Books are Sold with Proposals

If you think about it, the first step leading to the eventual sale of any book begins with grabbing someone’s attention with a short description of the book content.

The proposal or short description motivates the agent, publisher, book retailer or reader to take the next step, which is different for each, but everything is set in motion by something less than the full manuscript.

No one first reads an entire book to decide if they want to take the next step. They read a short description and then make the decision.

Many authors who submit their work to agents or publishers will make the same plea, “Please just read the whole book!”

Sure, but only if the proposal is compelling enough.

Let’s think about this in reverse, starting from the reader’s perspective.

At the very end of the book-chain is a reader. They will decide to buy or check out a book based on everything except for reading the book. The title, author, product description, reviews, recommendations, even the cover design will entice someone to pick up a book.

 Readers buy a promise, a solution to a problem, a unique experience or a key to unlock something within them.

Before the reader is the place to obtain the book. While Amazon sells anything, the majority of the bookselling and lending world (retail and libraries) decided to stock a book based on the author, title, product description, author sales or rental history, reviews and even the cover design. They never read the book before they carry it. And most will not read it afterward. (Good luck selling anything on Amazon without a good product description.)

Before this, the publisher will agree to publish a book, with the first step being a proposal from an agent or author. In many cases, the full book is not yet written.

By the way, one reason traditional publishers take so long to publish a book is they want to make certain the manuscript they get from an author matches the proposal they agreed to buy. Often enough to cause hesitation, authors will write a different book than the one contracted, sometimes mildly different, but sometimes an entirely different approach or subject. (It can also be an issue of the quality in the original sample chapters not carried throughout.)

With agents, the proposal is even more important.
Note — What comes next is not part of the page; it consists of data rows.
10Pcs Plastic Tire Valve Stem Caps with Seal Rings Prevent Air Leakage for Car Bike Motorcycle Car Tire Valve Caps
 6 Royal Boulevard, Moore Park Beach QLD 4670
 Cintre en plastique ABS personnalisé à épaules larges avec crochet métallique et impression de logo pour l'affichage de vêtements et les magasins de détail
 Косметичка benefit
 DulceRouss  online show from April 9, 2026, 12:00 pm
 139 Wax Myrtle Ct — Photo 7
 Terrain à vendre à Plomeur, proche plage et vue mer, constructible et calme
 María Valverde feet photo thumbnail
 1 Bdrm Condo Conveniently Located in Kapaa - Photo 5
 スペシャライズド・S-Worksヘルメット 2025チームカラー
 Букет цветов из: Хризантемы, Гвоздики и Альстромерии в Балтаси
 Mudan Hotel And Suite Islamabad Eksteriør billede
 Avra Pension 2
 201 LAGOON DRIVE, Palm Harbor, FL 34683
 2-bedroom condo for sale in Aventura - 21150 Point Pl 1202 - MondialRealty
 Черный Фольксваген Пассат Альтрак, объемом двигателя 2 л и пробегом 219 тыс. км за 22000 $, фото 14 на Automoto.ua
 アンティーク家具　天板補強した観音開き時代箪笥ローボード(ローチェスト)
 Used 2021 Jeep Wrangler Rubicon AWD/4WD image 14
Agents look at hundreds and thousands of proposals and need to make a decision quickly whether to spend more time reading the actual book chapters. Only if the proposal caught their attention and motivated them to read further will agents take a next step.

This agency blog often speaks to the elements of a good proposal and also what makes up a poor one, which receives a quick decline. Still, many authors downplay the importance of the proposal and just want an agent to read their book instead.

It won’t happen.

Authors need to give away the book (figuratively speaking) to gain an agent’s interest. In the same way, agents give away the book to publishers and publishers give away the book to retailers.

Only with readers can you get creative and not give the entire story away. They need to be intrigued enough to use their own money to purchase it. Readers don’t need to know whodunit. The journey is the fun part for them.

But everyone before the reader needs to be handed the entire story, with no mystery or hesitation, described succinctly and quickly on a silver platter:

“The gardener was the killer with the rolling pin in the pantry.”

“The five key elements for a happy life are…”

Not every book is read, but every proposal is, which makes it the most important part of the book whether you are on your twentieth book or just starting out.

11 Responses to Books are Sold with Proposals

  1. Rebekah Dorris June 20, 2017 at 6:44 am #

    This is the best motivation for spit-shining proposals I’ve ever read. Thanks.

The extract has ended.